In 2013 The Keepers of the Patos Light began a special fund to replace the flag pole. We found a contractor to provide a bid, and began to raise the money. The contractor moved away, so we had to look for another one. The second contractor left his business and found a better paying, more stable job. When the third contractor began planning for the actual construction, the Bureau of Land Management (BLM) had a number of concerns. One was the use of volunteers. BLM decided that no volunteers should be engaged in helping, as the contractor needed to be held responsible for all actions, and everyone needed to be certified to conduct the work. Another requirement was that the psi of the concrete needed to be 3,000 lbs. BLM wanted distilled water used in making the concrete, which had to be hauled to the site, and stainless steel for the hardware in the concrete. Then there was BLM concern about caring for the sidewalks during construction. Finally, BLM wanted to have their engineer on hand observing all of the construction. Consequently, the $7,000 on hand was seriously insufficient to cover the more than $22,000 in the new bid costs.

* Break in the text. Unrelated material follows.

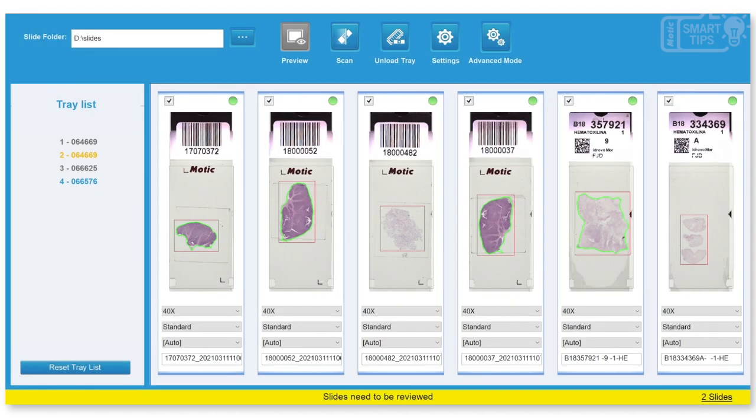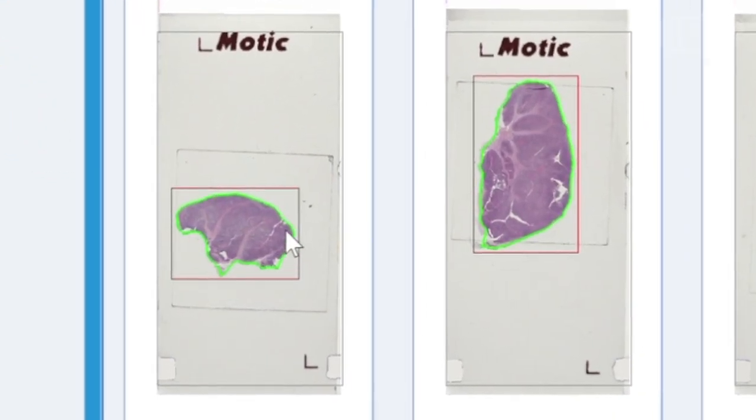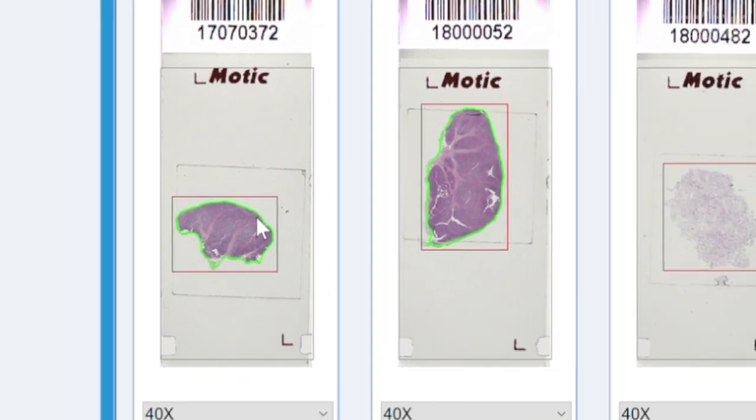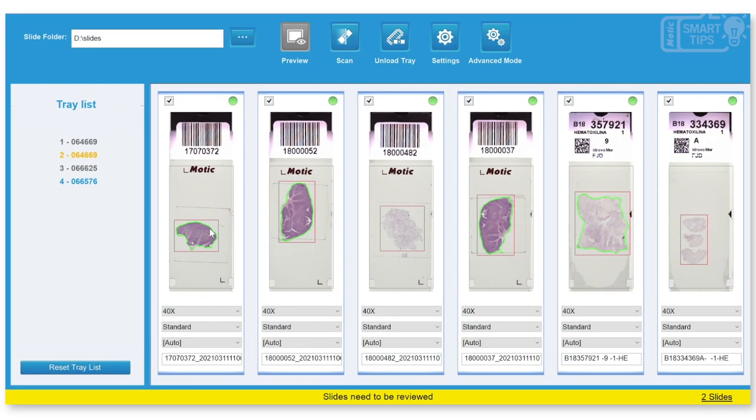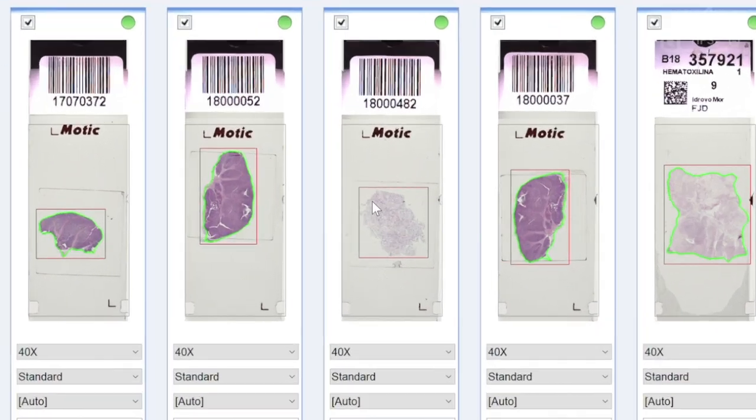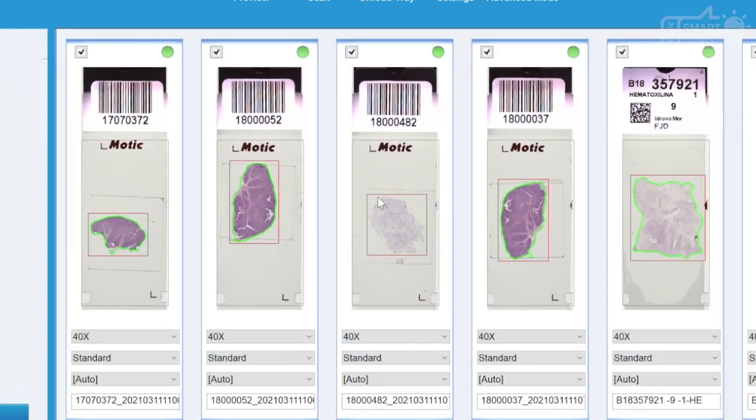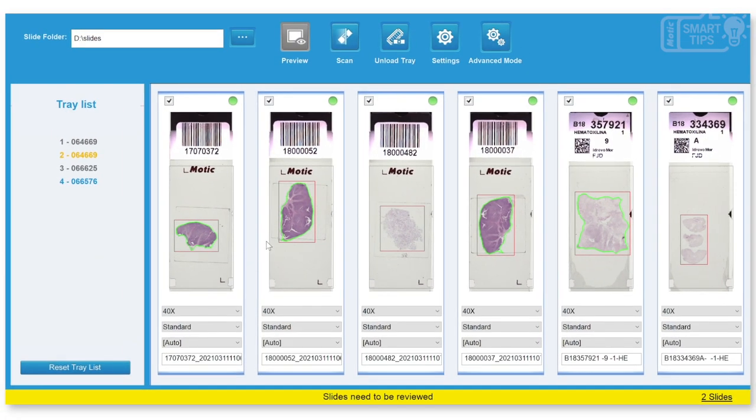Once the preview has been loaded, you can see that some slides have a green outline and some others don't. What this means is that in the slides with the green outline, the program has automatically detected an area very defined and it has decided to automatically scan only what's inside the green area. On the red ones it has detected that there's not enough definition to select an entire exact limit. So the entire red square will be selected.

San Juan County Lodging Tax Advisory Committee (LTAC) determined that they could not fund the flag pole since it was a permanent improvement not county property. However, they were willing to cover basic or “start-up” costs of the Keepers of the Patos Light in a grant, so that regular funds could be saved for the flag pole. Two years of LTAC funding did allow us to save enough money, so we began to make plans for construction.
BLM advised us that they had complaints about allowing a flag to be raised, and determined that we needed to wait until a Resource Management Plan (RMP) was signed later that year, which would determine whether the flag pole should be built. It has been four years and still the RMP has not been signed. Should the final signed plan determine the flag pole can be constructed in the original place, there are still other government requirements to meet. The original 4(f) statement is now dated, and would need to be repeated to allow construction on the National Register of Historic Places site. That requires a determination of “no effect” by the state Office of Archaeology and Historic Preservation. Then a statement must be rewritten in conformance with the National Environmental Policy Act, probably a “no significant impact,” followed by a public review and hearing, should one be requested.
If a flag pole is approved, we will need to acquire a new proposal and bid with the additional requirements before we can sign a contract to have the flag pole built in the original location.